As LFWM kicks off, we take a look at the emerging talent coming out of Lagos, Tbilisi and beyond
This weekend marks the beginning of the AW18 menswear shows, as London Fashion Week Men’s kicks off and the likes of Craig Green, Cottweiler, Charles Jeffrey and Grace Wales Bonner showcase what we can expect from the season ahead. We’ve already given you our ones to watch – but what about the emerging and international designers who aren’t on the official calendars? Including fresh talent straight out of Lagos’ and Tbilisi’s burgeoning fashion scenes, the Central Saint Martins graduate who found inspiration in the rubbish piled up on the streets of Korea, and the visual artist exploring the sometimes difficult relationship between humans and technology, read on to discover five new names to put on your radar.
Thanks in no small part to a certain designer by the name of Demna Gvasalia, there’s been a huge amount of attention on the fast-developing Georgian fashion scene for a while now. Though womenswear still prevails, a number of designers that are shifting their focus to menswear are beginning to emerge, with Gola Damian one of them. Showing at Tbilisi Fashion Week at the end of 2017, Damian sent a troupe of male and female models down his runway, as part of a collection that challenged conventional masculinity and femininity. Featuring boys in high-waisted leather pencil skirts and delicate crocheted cardigans, and girls in loose wool trousers and polo shirts emblazoned with I Need Your Love – created, says Damian, “for crowds of individuals, young and old, dancing non-stop to techno for hours, for days, for eternity” – the designer is becoming known for creating clothing that is beloved by Tbilisi’s forward-looking youth.
GOOM is the menswear brand that almost never was; overwhelmed by a series of internship interviews and offers from the likes of Margiela, Lanvin and Kenzo midway through her BA course at Central Saint Martins, founder Goom Heo instead opted to leave fashion behind and head back to her native Korea to take time to recoup. Two years later she returned to CSM, presenting a final collection inspired by the stacks of rubbish she saw on the streets of Korea and China, and a man whose t-shirt had rolled up, exposing his pot-belly – “I thought it was cool that he didn’t care and neither did anyone else around him,” she says. Fusing traditional tailoring with sportswear, Heo’s exaggerated silhouettes and motifs encompass Eastern and Western influences, demonstrating an inherent aptitude for off-kilter print and texture.
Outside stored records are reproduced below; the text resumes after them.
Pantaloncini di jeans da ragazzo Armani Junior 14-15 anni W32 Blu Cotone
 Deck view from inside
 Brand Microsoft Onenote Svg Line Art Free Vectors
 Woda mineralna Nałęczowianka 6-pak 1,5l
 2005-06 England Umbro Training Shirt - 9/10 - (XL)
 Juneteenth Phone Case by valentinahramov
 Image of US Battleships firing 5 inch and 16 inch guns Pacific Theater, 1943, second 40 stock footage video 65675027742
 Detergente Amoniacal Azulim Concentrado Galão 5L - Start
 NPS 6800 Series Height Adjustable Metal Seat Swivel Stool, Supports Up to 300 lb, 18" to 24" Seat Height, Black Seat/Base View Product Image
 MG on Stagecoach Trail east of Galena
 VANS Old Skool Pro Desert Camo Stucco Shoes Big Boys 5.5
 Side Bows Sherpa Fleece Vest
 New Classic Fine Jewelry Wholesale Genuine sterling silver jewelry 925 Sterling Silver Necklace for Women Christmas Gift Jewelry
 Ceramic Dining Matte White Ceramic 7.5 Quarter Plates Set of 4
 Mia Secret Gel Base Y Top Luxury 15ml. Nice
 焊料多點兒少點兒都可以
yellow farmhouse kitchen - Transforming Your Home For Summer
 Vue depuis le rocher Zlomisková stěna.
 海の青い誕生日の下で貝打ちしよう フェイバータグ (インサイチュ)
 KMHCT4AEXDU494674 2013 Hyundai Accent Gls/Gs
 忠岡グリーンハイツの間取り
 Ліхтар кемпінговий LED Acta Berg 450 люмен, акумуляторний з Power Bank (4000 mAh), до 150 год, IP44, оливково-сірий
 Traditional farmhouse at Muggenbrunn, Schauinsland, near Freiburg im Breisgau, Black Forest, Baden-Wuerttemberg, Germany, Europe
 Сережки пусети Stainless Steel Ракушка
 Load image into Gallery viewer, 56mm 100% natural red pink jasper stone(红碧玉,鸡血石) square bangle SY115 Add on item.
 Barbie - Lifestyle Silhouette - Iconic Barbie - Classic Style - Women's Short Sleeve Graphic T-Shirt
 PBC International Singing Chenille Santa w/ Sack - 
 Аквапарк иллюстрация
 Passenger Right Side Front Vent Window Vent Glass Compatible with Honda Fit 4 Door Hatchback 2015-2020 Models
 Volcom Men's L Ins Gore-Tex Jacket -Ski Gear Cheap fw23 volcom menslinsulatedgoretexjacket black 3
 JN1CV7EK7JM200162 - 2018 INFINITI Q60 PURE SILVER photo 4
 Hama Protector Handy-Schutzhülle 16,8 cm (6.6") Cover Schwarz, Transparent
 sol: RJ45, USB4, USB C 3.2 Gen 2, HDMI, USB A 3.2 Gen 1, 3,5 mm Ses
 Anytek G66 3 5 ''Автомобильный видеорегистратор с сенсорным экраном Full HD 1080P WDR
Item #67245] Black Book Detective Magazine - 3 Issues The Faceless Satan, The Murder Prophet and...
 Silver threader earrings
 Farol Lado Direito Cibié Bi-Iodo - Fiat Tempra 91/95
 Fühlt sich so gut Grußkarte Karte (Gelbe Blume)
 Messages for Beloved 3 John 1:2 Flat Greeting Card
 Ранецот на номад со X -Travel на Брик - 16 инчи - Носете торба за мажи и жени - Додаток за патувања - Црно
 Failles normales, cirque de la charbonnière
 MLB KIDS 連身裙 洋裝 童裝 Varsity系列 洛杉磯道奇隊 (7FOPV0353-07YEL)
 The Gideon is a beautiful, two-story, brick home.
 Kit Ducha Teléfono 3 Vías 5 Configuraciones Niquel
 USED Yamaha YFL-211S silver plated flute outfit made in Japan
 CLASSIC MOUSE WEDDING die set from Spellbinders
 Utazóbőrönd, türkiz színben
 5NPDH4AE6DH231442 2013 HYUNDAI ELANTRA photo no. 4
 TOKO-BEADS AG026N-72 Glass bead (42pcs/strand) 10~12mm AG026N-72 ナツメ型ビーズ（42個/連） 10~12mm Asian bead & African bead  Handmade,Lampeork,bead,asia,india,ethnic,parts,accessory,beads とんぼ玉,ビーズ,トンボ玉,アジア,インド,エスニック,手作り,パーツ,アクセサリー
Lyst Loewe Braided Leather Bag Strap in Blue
Having embarked on an MA in September of last year, we’re excited to see her next move.
It’s little wonder that Mowalola Ogunlesi is embarking on a career in fashion; following in the footsteps of her mother, father and grandmother, the Central Saint Martins graduate is the third generation in a line of designers – though she’s is carving out a niche all her own, with her powerful final BA collection marking her as one to watch on the menswear landscape. In an homage to her homeland of Nigeria and its rich heritage, the designer found inspiration in the African psychedelic rock of the 70s and 80s, creating a series of unapologetically sexy, cropped jackets, slim, low-cut trousers and leather styles painted with distorted Lagos number plates and shop signs that put a futuristic spin on the era. “It was a celebration of the black African male,” said Ogunlesi of the collection, “his culture, his sexuality and his desires.”
Adebayo Oke-Lawal founded Orange Culture in 2011, with his debut collection appearing as part of Lagos Fashion Week the same year. Fusing contemporary silhouettes with traditional African construction methods, Orange Culture is “less a label and more a movement” according to Oke-Lawal. That movement is one that explores ideas of masculinity and identity politics against his country’s conservative social and political landscape – reflected similarly in the boundary-pushing Nigerian magazine A Nasty Boy. With his unique designs brought to life in bold Nigerian-inspired prints, he’s intent on securing Lagos’ place on the fashion map, and, given his past nomination for the revered LVMH Prize, seems to be well on the way to achieving his goal.